GIVEN DATA below:

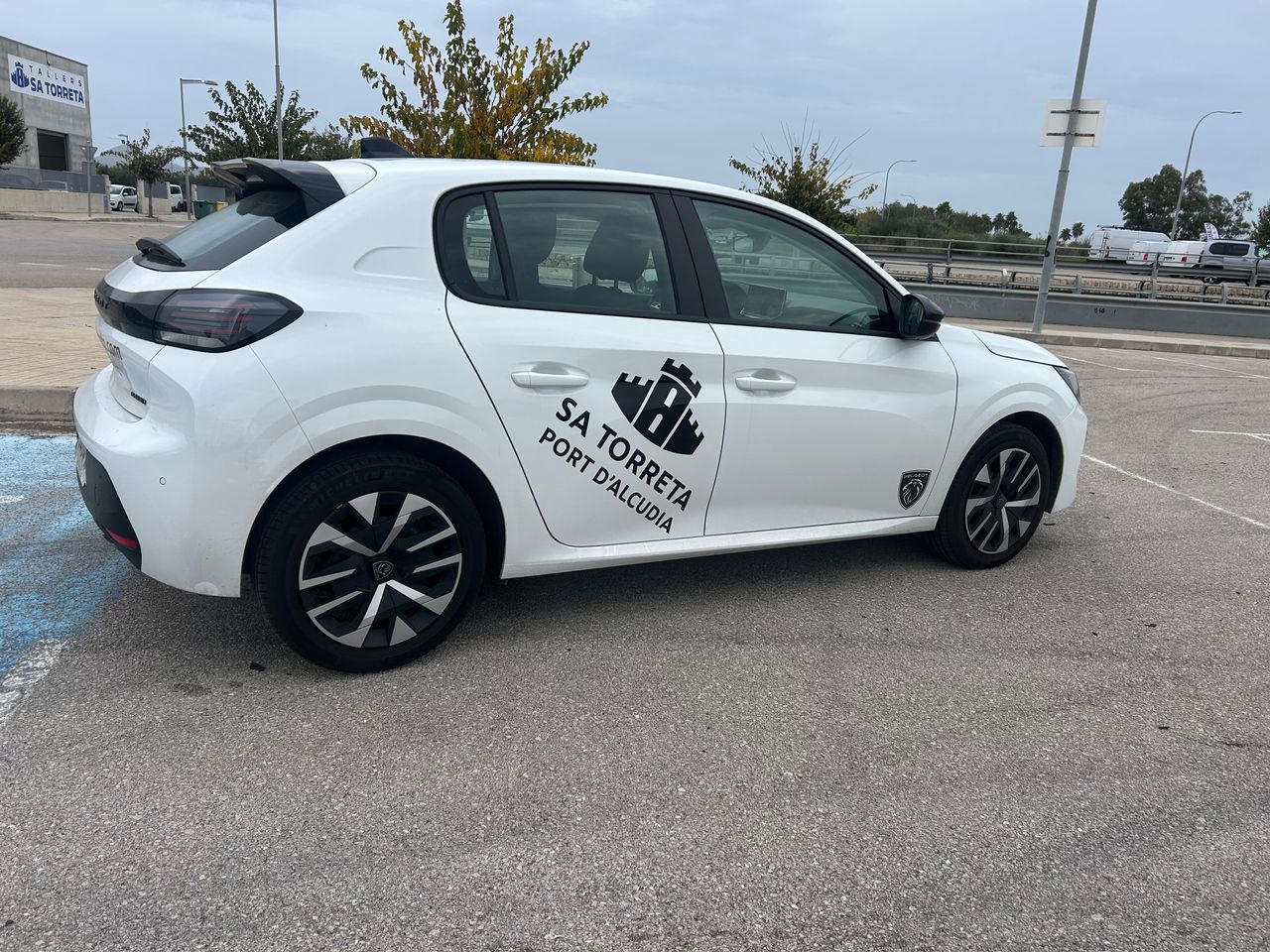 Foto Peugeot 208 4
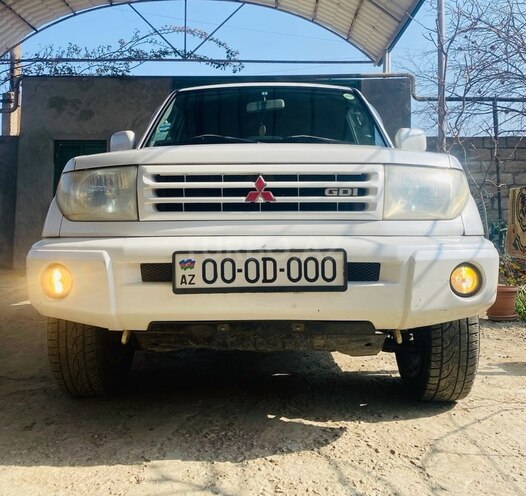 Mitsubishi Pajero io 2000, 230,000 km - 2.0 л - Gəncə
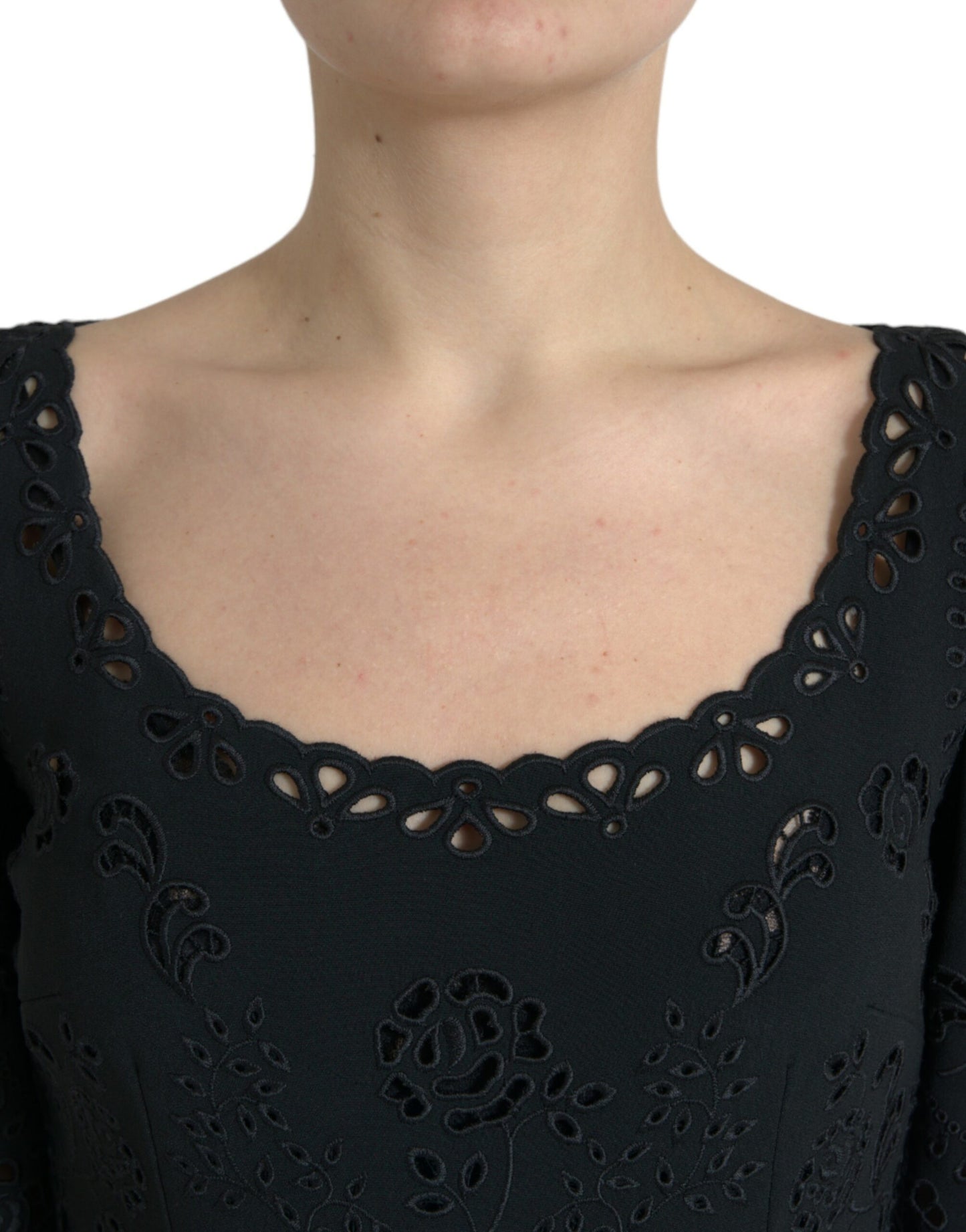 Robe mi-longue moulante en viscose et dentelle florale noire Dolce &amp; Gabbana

End of GIVEN DATA.

Starting from the line where "Mitsubishi Pajero io" appears, copy every line through the end of the material, both ends included, but no pictures.

 Mitsubishi Pajero io 2000, 230,000 km - 2.0 л - Gəncə
 Robe mi-longue moulante en viscose et dentelle florale noire Dolce &amp; Gabbana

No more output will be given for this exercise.